A consequence of disastrous economic policies

A brief historical reminder

For as long as one can remember, agriculture has been subject to crises that often translated themselves into famines. Since early antiquity, literature is full of references to famines. During the Middle Ages, Europe faced a series of such events, and the famines that preceded the French Revolution of 1789 and the Russian Revolution of 1917 have often been presented as one if not the main factor of the popular upheavals that triggered them. These famines occurred in relatively closed economies where commercial exchanges were limited. They were essentially crises due to an absolute lack of availability of food and can be defined as supply crises.

Modern crises, such as the Bengal crisis of 1943 that was brilliantly analysed by Amartya Sen, or the international food crisis that occurred during the 70s, the 2007-2008 food security crisis and the period that we are currently experiencing (2012) are of a very different nature. They generally are not crises due to food shortages, as global food availability is largely sufficient to feed each and everyone, and the infrastructure is in place to bring commodities to the areas where there may be a localised shortage. Rather, they are food access crises for a mass of people who live in poverty and do not have enough resources to purchase the food they need. Modern crises are also increasingly, particularly since 1970, global in scale while historically crises were more local.

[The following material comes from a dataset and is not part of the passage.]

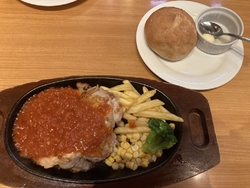 ランチタイムに...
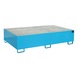 BAUER S&Uuml;DLOHN Plateau d'&eacute;tag&egrave;re avec caillebotis LxlxH 2150x1300x505 mm - Bac de r&eacute;cup&eacute;ration pour syst&egrave;mes d'&eacute;tag&egrave;res avec caillebotis - 1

The food crises of the mid 70s and of 2007-2008 both followed a period of great agricultural market stability that was characterised in the first case by a strong increase of world production, and in the second by a decreasing trend in food prices. The 50s and 60s had experienced a steep increase in production (+80%) due to a remarkable growth in productivity and in the area cultivated, as well as to the large-scale use of new high yielding varieties and chemical agricultural inputs (green revolution). In 2000, agricultural prices hit a historical low while international trade volumes had grown exponentially.

These two crises had both started with situations of drought. In the case of the crisis of the 70s this resulted in a reduction in world food production - attributed at the time by some experts to climatic change. However, 2008 was a record production year despite drought in Australia and Canada.

Both crises also coincided with rapid rises in energy prices with important consequences on the cost of food production and transport. In 1973, the price of oil quadrupled, and it tripled between 2003 and 2008.

Both food crises occurred at times when global food stocks were very low. This created a price surge (see box on price volatility). In 1974, cereal stocks were equivalent to 26 days of consumption, while in 2008 stocks represented only 20% of yearly consumption, a dramatic fall when compared to 2000 when their level was of about 35% of yearly consumption.

Finally, in both cases, some food exporting countries decided to impose restrictions on their exports with the aim of protecting their consumers. This created panic on international markets. So much for the similarities between the two crises.

The food crisis of 2007-2008: a policy story

What characterises the 2007-2008 crisis is that it followed a period during which agriculture was largely abandoned by many governments because of a generalised change in the development strategies adopted by most countries. World prices had decreased steadily in real terms between 1980 and 2000, and investment in agriculture had been neglected. At the same time, the dynamic growth of emerging countries such as Brazil, China and India, meant that world food demand was growing rapidly. In non-industrial countries, the ease of access to international aid in case of food emergencies had encouraged governments to direct their scarce resources towards sectors other than agriculture.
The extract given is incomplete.